With a general bullishness amongst the heavyweights, key money managers have jumped into Targa Resources Corp (NYSE:TRGP) headfirst. Balyasny Asset Management, managed by Dmitry Balyasny, created the largest position in Targa Resources Corp (NYSE:TRGP). Balyasny Asset Management had $11.5 million invested in the company at the end of the quarter. James Dondero’s Highland Capital Management also initiated a $5.9 million position during the quarter. The other funds with new positions in the stock are Sander Gerber’s Hudson Bay Capital Management, Karim Abbadi and Edward McBride’s Centiva Capital, and Till Bechtolsheimer’s Arosa Capital Management.
Let’s also examine hedge fund activity in other stocks – not necessarily in the same industry as Targa Resources Corp (NYSE:TRGP) but similarly valued. These stocks are Asana Inc. (NYSE:ASAN), Hubbell Incorporated (NYSE:HUBB), Erie Indemnity Company (NASDAQ:ERIE), Everest Re Group Ltd (NYSE:RE), Gerdau SA (NYSE:GGB), Robert Half International Inc. (NYSE:RHI), and Jones Lang LaSalle Inc (NYSE:JLL). This group of stocks’ market caps are closest to TRGP’s market cap.
Ticker | No of HFs with positions | Total Value of HF Positions (x1000) | Change in HF Position |
---|---|---|---|
ASAN | 22 | 592249 | 0 |
HUBB | 15 | 459124 | 0 |
ERIE | 15 | 48433 | 3 |
RE | 30 | 686253 | -2 |
GGB | 17 | 318478 | 6 |
RHI | 23 | 281889 | -4 |
JLL | 31 | 1554013 | 11 |
Average | 21.9 | 562920 | 2 |
View table here if you experience formatting issues.

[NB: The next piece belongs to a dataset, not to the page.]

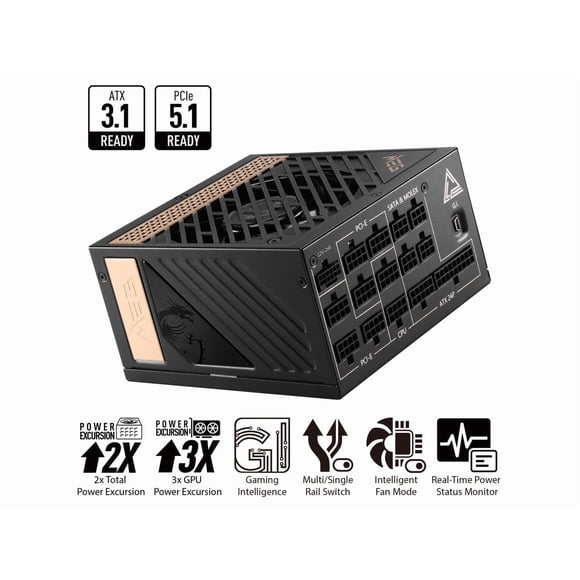 MSI - MEG Ai1300P PCIE5, 80+ PLATINUM Full Modular Gaming PSU, 12V-2x6 Cable, 5080 5090 ATX 3.1 & PCIE 5.1 Ready, 1300W Power Supply, 10 Year Warranty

As you can see these stocks had an average of 21.9 hedge funds with bullish positions and the average amount invested in these stocks was $563 million. That figure was $388 million in TRGP’s case. Jones Lang LaSalle Inc (NYSE:JLL) is the most popular stock in this table. On the other hand Hubbell Incorporated (NYSE:HUBB) is the least popular one with only 15 bullish hedge fund positions. Targa Resources Corp (NYSE:TRGP) is not the most popular stock in this group but hedge fund interest is still above average. Our overall hedge fund sentiment score for TRGP is 63.7. Stocks with higher number of hedge fund positions relative to other stocks as well as relative to their historical range receive a higher sentiment score. Our calculations showed that top 5 most popular stocks among hedge funds returned 95.8% in 2019 and 2020, and outperformed the S&P 500 ETF (SPY) by 40 percentage points. These stocks gained 24.9% in 2021 through October 15th and still beat the market by 4.5 percentage points. Hedge funds were also right about betting on TRGP as the stock returned 25.6% since the end of Q2 (through 10/15) and outperformed the market. Hedge funds were rewarded for their relative bullishness.